╭──
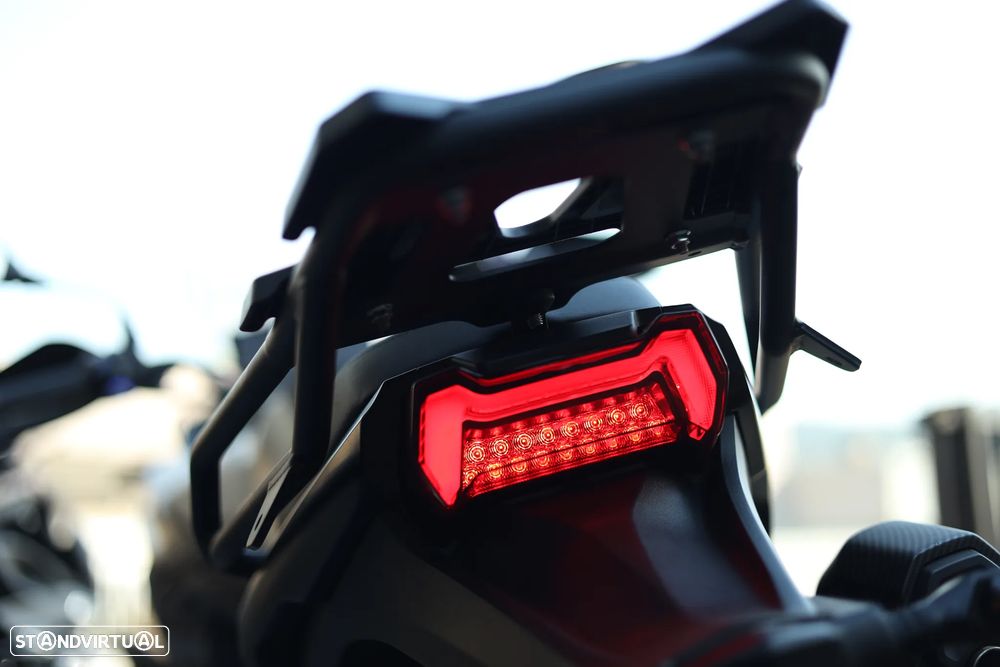 Voge 625 DSX Black Knight - 37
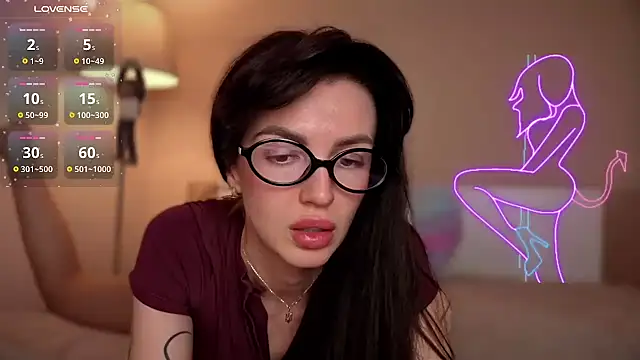 Snapshot of Wonder_Power chatting on 10-22-25, 05:56 Wonder Power online show from 10-22-25, 05:56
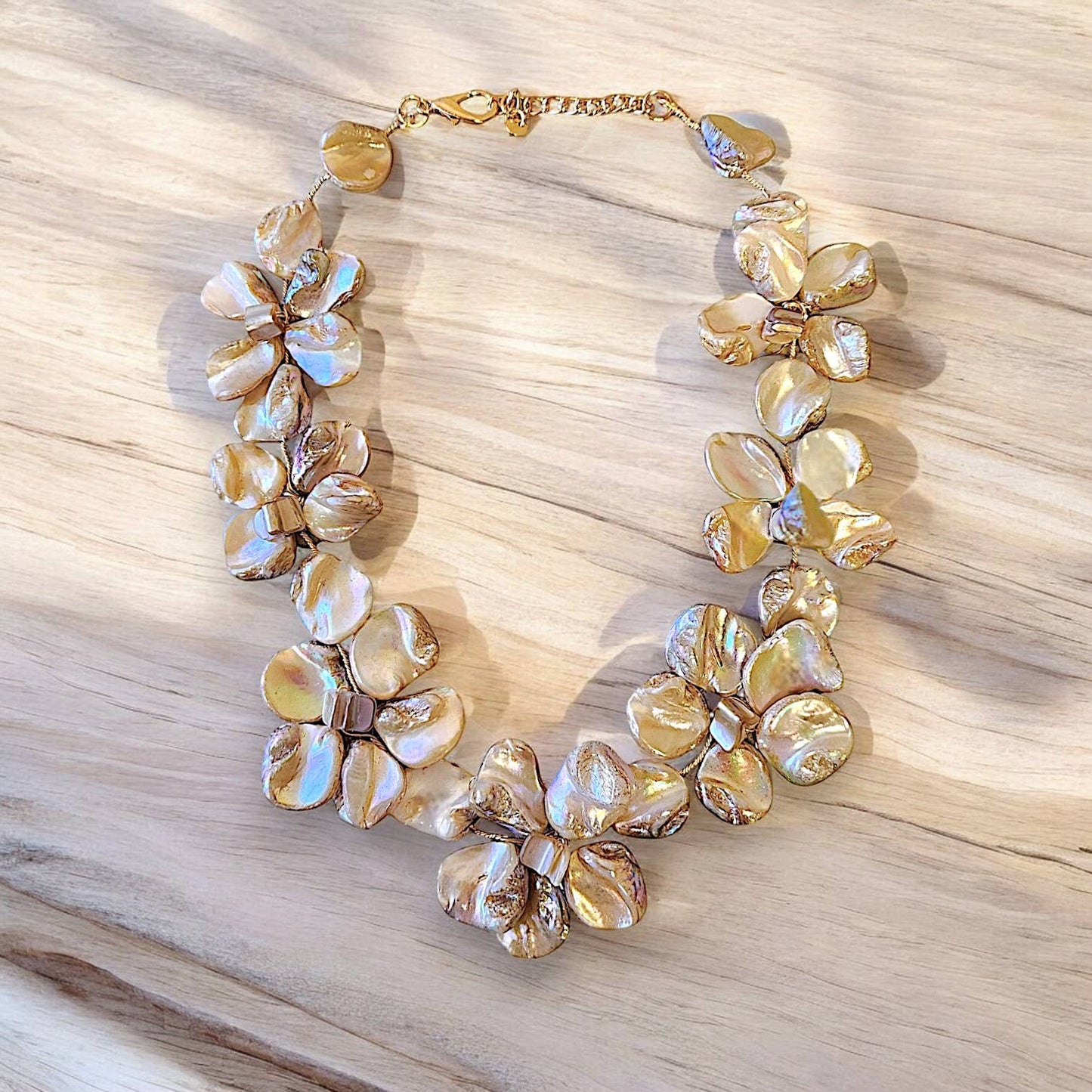 Mocha Flower Shell Necklace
╰──
WHAT NEEDS TO BE DONE: Only the pictures stay out; everything else in the listing above must be repeated exactly.

SOLUTION:
 Voge 625 DSX Black Knight - 37
 Snapshot of Wonder_Power chatting on 10-22-25, 05:56 Wonder Power online show from 10-22-25, 05:56
 Mocha Flower Shell Necklace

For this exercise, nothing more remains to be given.